Domenico Coccopalmerio, Sidera Cordis. Saggi sui diritti umani, CEDAM, Padova 2004, X-240 pp., € 20,00.
Domenico Coccopalmiero, nato a Milano, laureato all’Università Cattolica, libero docente di dottrina dello Stato, è professore ordinario di Filosofia del diritto e attualmente Preside della Facoltà di Scienze Politiche all’Università di Trieste. Tra i suoi scritti ricordiamo Effettività e partecipazione nella Costituzione italiana e nei partiti, 1968; La teoria politica di Marx, 1970; Scienza dello Stato e filosofia politica in Hegel, 1975; Problemi e indirizzi della filosofia del diritto, 1978; Francesco Olgiati, Metafisica e diritto, 1983; Dogmatismo e storicità nel marxismo, 1984; Il tesoro giuridico.

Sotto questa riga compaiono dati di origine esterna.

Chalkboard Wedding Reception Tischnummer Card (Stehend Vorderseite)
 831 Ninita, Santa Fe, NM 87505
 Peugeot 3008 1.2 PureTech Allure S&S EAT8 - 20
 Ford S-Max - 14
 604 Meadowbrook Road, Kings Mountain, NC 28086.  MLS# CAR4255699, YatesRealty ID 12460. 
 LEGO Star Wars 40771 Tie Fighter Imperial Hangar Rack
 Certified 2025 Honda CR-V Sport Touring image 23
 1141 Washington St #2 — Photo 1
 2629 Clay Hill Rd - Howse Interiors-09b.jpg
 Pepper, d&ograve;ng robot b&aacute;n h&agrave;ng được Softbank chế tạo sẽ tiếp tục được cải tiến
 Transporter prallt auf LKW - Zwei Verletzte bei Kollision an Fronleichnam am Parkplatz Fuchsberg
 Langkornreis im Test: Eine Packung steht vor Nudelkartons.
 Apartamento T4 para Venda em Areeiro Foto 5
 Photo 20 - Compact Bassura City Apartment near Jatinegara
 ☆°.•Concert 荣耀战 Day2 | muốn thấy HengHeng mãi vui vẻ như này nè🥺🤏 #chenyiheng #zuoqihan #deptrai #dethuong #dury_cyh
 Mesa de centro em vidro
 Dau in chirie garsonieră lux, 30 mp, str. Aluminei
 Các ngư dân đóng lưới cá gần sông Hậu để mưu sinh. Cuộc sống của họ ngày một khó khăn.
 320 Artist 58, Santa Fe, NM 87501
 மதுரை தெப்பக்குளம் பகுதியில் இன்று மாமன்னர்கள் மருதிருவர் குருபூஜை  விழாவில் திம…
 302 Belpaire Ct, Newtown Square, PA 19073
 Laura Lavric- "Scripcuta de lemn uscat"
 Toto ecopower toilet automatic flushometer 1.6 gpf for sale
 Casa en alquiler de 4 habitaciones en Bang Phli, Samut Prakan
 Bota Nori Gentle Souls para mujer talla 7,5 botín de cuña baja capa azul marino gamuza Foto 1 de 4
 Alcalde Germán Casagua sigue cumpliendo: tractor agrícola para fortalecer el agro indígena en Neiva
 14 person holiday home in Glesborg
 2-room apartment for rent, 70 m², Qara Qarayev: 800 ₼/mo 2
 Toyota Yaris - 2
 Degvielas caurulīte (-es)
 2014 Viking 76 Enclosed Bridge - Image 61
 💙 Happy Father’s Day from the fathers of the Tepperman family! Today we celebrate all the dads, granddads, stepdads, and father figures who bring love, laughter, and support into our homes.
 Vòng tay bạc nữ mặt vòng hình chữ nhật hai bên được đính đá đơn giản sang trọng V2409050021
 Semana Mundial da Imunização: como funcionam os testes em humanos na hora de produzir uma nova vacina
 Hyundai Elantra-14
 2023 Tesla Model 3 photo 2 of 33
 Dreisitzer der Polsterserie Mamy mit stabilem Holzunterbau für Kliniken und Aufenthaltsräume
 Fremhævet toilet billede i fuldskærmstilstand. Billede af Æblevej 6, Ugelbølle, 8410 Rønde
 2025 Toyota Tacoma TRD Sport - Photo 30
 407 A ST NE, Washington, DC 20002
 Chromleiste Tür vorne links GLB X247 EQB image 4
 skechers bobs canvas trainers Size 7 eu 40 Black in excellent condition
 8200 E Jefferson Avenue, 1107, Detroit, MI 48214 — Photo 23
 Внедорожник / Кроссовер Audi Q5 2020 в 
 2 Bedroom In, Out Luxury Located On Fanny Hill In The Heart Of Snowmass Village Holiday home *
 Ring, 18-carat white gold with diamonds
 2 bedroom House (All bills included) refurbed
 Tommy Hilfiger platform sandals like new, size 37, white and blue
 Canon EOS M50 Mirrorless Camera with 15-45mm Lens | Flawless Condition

Persona umana, ius e lex, 1988; Francesco Carnelutti. Il realismo giuridico italiano, 1989; Il diritto come diakonia. Studi sulla filosofia del diritto pubblico, 1993; Introduzione alla dottrina dello Stato, 1998.
I diritti umani, oggi normalmente declinati anche come diritti innati, connaturali, inalienabili o in altri modi ancora sono, sono in verità, i beni fondamentali ed universali della persona. Si tratta di realtà invisibili, come beni, che solo l’intelletto può contemplare e di realtà visibili, come condizioni di vita, che solo possono conferire all’uomo dignità di esistenza. Sinteticamente, e riduttivamente, potremmo dire che si tratta della vita, della libertà e dell’educazione. L’A., nel prologo li definisce come: «la pelle che riveste il corpo, sono il derma del diritto, che è regola altrettanto universale della vita. Ma essi possono altresì essere immaginati alla stregua della casa in cui tutti trovano il loro posto e vi sono protetti, nutriti e riscaldati. Una dimora parimenti universale».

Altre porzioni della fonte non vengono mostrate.